I think at minimum we need to document somewhere the workaround using cmd w/ignore_timeout:
salt-minion-reload:
cmd.wait:
- name: |
nohup echo "sleep 10 && salt-call --local service.stop {{ salt_map['minion-service'] }}; pkill -f 'python.*{{ salt_map['minion-process'] }}'; salt-call --local service.restart {{ salt_map['minion-service'] }}" | sh -s
- ignore_timeout: True
- python_shell: True
- timeout: 2
- order: last
- watch:
- pkg: salt-minion-pkg
- file: salt-minion-conf
Ok thanks for clarifying.
@jacobhammons when you get a moment can you add something like this to the documentation (mentioned in the above comment) until this bug can be fully resolved?
@rallytime I guess it is already covered in FAQ: https://docs.saltstack.com/en/latest/faq.html#what-is-the-best-way-to-restart-a-salt-daemon-using-salt
Good find @vutny. I'll remove the "documentation" label.
This issue has been automatically marked as stale because it has not had recent activity. It will be closed if no further activity occurs. Thank you for your contributions.

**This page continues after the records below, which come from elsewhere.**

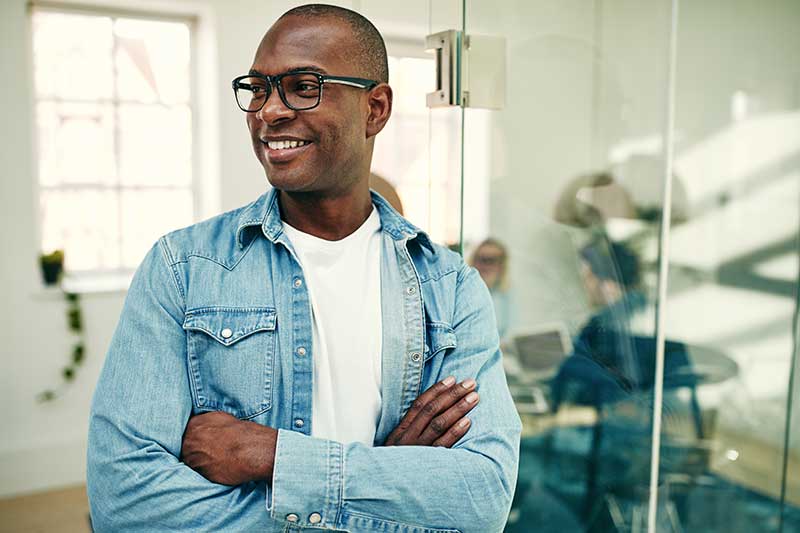 Image of a smiling young African businessman standing in a modern office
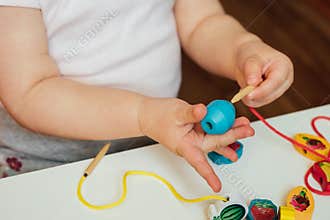 Child putting beads on a string. Bead stringing activity. Fine motor skills development
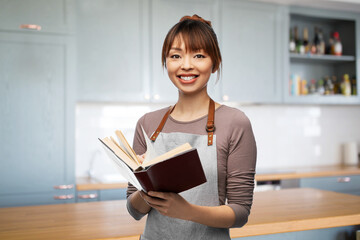 Fototapeta premium cooking, culinary and people concept - happy smiling woman in apron with open cook book over home kitchen background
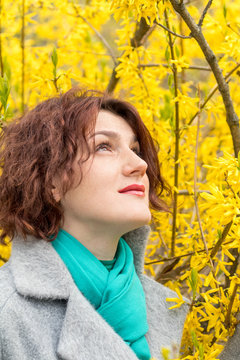 Pretty young red head woman with forsythia blossoms in spring park. Yellow blossoms background.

If this issue is closed prematurely, please leave a comment and we will gladly reopen the issue.
I have a minion running directly on the salt-master and it reliably triggers a race during bootstrap when the minion is restarting itself. There's a watch on the minion.conf that triggers a reload. After it reloads as part of the initial highstate, I see several of these per second on the master:
2014-12-09 14:10:10,799 [salt.crypt ][DEBUG ] Failed to authenticate message 2014-12-09 14:10:10,821 [salt.crypt ][DEBUG ] Failed to authenticate message 2014-12-09 14:10:10,843 [salt.crypt ][DEBUG ] Failed to authenticate message 2014-12-09 14:10:10,866 [salt.crypt ][DEBUG ] Failed to authenticate message 2014-12-09 14:10:10,888 [salt.crypt ][DEBUG ] Failed to authenticate message 2014-12-09 14:10:10,910 [salt.crypt ][DEBUG ] Failed to authenticate message
There are some other bugs with similar messages but they seem to be doing a key deletion during the run. This happens for me with auto accepted key and during a normal highstate run.
If I attach a debugger to the stuck process, I see that it's simply waiting for file data (i.e. salt://stuff/files/nsswitch.conf).
It seems to me that the session is not re-authenticating after the minion restart?
If I kill the job and restart the minion, things proceed correctly.